[Information provided — start]

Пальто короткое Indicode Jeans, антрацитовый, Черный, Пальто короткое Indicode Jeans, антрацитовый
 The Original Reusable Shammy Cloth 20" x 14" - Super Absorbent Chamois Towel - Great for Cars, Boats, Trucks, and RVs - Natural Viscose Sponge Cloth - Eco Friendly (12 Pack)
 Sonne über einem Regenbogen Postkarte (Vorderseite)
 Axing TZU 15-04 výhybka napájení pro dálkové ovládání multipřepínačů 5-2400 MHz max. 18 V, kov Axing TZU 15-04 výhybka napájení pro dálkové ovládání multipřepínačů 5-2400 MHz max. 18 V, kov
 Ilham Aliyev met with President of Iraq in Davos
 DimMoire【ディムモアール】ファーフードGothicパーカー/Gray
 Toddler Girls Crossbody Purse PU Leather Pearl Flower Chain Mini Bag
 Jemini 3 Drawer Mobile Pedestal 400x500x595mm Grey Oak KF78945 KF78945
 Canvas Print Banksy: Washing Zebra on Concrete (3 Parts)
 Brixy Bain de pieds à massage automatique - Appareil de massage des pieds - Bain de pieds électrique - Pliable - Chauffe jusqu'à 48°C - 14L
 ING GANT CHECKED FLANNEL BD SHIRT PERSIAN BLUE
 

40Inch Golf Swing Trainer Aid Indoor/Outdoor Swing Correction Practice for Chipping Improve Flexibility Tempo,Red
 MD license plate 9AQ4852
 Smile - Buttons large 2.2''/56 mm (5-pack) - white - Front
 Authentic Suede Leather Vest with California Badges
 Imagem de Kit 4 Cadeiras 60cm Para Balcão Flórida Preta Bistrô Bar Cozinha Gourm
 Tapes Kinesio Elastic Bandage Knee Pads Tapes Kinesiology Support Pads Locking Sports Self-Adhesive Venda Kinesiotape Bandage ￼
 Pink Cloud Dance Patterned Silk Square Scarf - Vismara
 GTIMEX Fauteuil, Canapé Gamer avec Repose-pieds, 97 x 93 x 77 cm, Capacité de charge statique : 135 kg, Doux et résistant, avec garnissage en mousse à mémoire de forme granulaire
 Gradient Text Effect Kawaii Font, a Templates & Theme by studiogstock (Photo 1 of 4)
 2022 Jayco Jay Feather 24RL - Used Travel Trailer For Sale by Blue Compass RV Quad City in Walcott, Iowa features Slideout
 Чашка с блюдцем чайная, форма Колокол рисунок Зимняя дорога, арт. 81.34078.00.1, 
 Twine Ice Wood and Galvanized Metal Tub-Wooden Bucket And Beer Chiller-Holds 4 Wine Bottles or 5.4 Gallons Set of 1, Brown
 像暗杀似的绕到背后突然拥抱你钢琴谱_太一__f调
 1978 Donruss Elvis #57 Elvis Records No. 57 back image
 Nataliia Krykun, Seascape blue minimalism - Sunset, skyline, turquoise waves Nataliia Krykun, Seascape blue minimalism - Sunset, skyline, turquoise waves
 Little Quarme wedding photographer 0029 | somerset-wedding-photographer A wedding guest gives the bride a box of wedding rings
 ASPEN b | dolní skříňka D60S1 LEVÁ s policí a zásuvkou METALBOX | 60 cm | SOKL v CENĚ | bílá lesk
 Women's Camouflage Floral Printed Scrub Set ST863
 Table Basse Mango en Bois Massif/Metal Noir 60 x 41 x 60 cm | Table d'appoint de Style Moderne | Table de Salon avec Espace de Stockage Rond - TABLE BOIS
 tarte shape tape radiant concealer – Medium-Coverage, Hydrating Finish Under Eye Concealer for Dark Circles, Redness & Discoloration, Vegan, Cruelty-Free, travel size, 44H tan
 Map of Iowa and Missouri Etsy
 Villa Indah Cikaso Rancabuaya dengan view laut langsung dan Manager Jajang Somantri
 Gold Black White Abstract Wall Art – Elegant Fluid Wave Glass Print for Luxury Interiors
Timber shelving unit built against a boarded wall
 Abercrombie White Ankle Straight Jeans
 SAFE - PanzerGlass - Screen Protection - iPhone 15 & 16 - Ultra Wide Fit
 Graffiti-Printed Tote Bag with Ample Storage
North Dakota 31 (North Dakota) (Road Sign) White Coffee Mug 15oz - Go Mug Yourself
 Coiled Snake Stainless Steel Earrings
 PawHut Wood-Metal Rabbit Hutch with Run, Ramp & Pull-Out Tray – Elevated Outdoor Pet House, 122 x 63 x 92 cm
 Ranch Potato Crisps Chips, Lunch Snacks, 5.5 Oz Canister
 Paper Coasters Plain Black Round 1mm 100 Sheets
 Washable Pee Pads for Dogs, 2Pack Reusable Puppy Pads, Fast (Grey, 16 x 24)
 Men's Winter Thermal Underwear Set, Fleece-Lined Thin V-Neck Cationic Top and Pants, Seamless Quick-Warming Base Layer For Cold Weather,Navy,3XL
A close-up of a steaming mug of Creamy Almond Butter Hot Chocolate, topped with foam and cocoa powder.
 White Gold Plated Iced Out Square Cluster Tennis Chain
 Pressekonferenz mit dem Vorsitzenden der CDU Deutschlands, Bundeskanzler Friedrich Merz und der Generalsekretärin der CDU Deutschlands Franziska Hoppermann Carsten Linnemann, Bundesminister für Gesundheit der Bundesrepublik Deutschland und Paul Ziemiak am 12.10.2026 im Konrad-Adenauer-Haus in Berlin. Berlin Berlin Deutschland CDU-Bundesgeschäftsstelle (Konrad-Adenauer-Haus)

[Information provided — finish]

From the line containing "MD license plate 9AQ4852" through the line containing "Gradient Text Effect", copy every line above exactly, without pictures.

 MD license plate 9AQ4852
 Smile - Buttons large 2.2''/56 mm (5-pack) - white - Front
 Authentic Suede Leather Vest with California Badges
 Imagem de Kit 4 Cadeiras 60cm Para Balcão Flórida Preta Bistrô Bar Cozinha Gourm
 Tapes Kinesio Elastic Bandage Knee Pads Tapes Kinesiology Support Pads Locking Sports Self-Adhesive Venda Kinesiotape Bandage 
 Pink Cloud Dance Patterned Silk Square Scarf - Vismara
 GTIMEX Fauteuil, Canapé Gamer avec Repose-pieds, 97 x 93 x 77 cm, Capacité de charge statique : 135 kg, Doux et résistant, avec garnissage en mousse à mémoire de forme granulaire
 Gradient Text Effect Kawaii Font, a Templates & Theme by studiogstock (Photo 1 of 4)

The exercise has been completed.